The physical layer 114 processing includes a part one channel
coding block 150, a part two channel coding block 152 and a
spreading and modulation block 154. The retransmitted data block of
one HARQ process can differ from the previous transmitted data
block by changing the redundancy version. A parameter defined as
the redundancy version controls two modules, called constellation
rearrangement and second rate-matching of the HARQ process. A
different redundancy version has an impact on part two channel
coding block 152 of the channel encoding chain. The general
approach is that the data block of one HARQ process is stored just
before the second channel coding block 152 so that no additional
processing of the previous stages is required during a
retransmission.
[0029] FIG. 4 is a flow chart of a process in accordance with an
embodiment of the invention, wherein the priority queues 144 in MAC
layer 115 are filled by the RNC 118. In step 410, SDUs (Service
Data Units) are received from RNC 118. The MAC-hs SDUs include data
and a header and are scheduled in the priority queues depending on
information of higher layers. In step 412, the proper storage
buffer in the MAC-hs layer is determined based on information of
the MAC or higher layers. In step 414, the data of the SDU is
stored in the respective queues according to priority. Each queue
144 operates as a FIFO. One or more MAC-hs SDUs are combined to
form a MAC-hs PDU (payload data unit). A scheduler can take a
MAC-hs PDU to transmit to one user equipment during one
transmission time interval (TTI). Data is removed from the queues
for transmission by the downlink signaling or flow control process
described below. In step 416, the process recycles.
[0030] A flow chart of a downlink signaling process from base
station 110 to user equipment 112, in accordance with an embodiment
of the invention, is shown in FIG. 5. In step 510, a determination
is made as to whether the HARQ process transmitted the same data
block previously or is unoccupied.

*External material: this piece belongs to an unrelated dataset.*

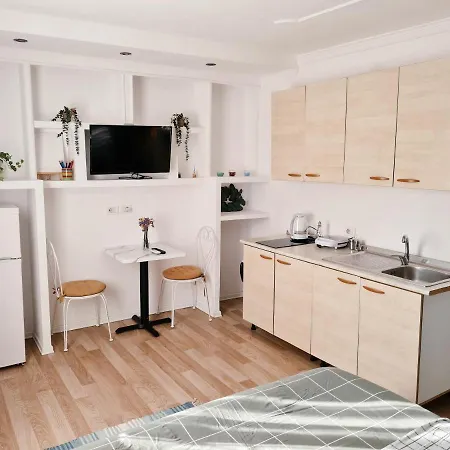 Casa 21 - The Cutest In Tirana! * تيرانا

If a data block was transmitted
previously, a determination is made in step 512 as to whether the
maximum number of retransmissions has been reached or the maximum
delay has been violated. If the maximum number of retransmissions
has been reached or the maximum delay has been violated, the HARQ
process data is dropped, and the HARQ process status changes to
unoccupied in step 514 and the process returns to step 510. If the
maximum number of retransmissions has not been reached and the
maximum delay has not been violated, respective ACK/NACK
acknowledge values associated with that HARQ process are obtained
from an uplink queue in step 516. In step 518, a determination is
made, based on the ACK/NACK acknowledge values, as to whether the
HARQ process should retransmit in a current transmission time
interval (TTI). If the HARQ process should not retransmit in the
current TTI, the process proceeds to step 540, as described
below.
[0031] If the HARQ process should retransmit in the current TTI, a
determination is made in step 520 as to whether data is waiting for
transmission in a higher priority queue. If data is waiting for
transmission in a higher priority queue, a determination is made in
step 522 as to whether the high priority data can be mapped on the
bandwidth which the current HARQ process has available for
retransmission of the current data block. The bandwidth depends on
the number of scheduled physical channels and the type of
modulation. If the high priority data can be mapped on the same
bandwidth or available bandwidth, a determination is made in step
524 as to whether the current retransmitted data block can be
delayed. If the current retransmitted data block can be delayed,
the retransmission data and parameters from the virtual buffer 142
are stored in a temporary queue in step 526. From this point on,
the higher-priority data block has overruled the current
retransmitted data block and the process then proceeds to step 564
as described below.
[0032] If data which has a higher priority is not waiting for
transmission in a queue as determined in step 520, if the high
priority data cannot be mapped on the retransmitted bandwidth as
determined in step 522 or if the retransmitted data cannot be
delayed as determined in step 524, retransmission data is obtained
from virtual buffer 142 in step 528. The data was stored in the
virtual buffer during the first transmission in step 566. The
retransmission data for the HARQ process is mapped to the physical
channels in step 530. The process then proceeds to step 570 as
described below.
[0033] If a data block was not transmitted previously for the
current HARQ process as determined in step 510, or an ACK
acknowledge value corresponding to the current HARQ-process is
obtained from the uplink queue in steps 516 and 518, the temporary
queue is scanned in step 540 for retransmission data which was
overruled by a higher priority process. This temporary queue can be
filled in previously-described step 526. In step 542, a
determination is made as to whether retransmission data is waiting
in the temporary queue. If retransmission is data in waiting in the
temporary queue, the retransmission data and parameters are
restored from the temporary queue to the virtual buffer 142 in step
544. The process then proceeds to step 520 as described above.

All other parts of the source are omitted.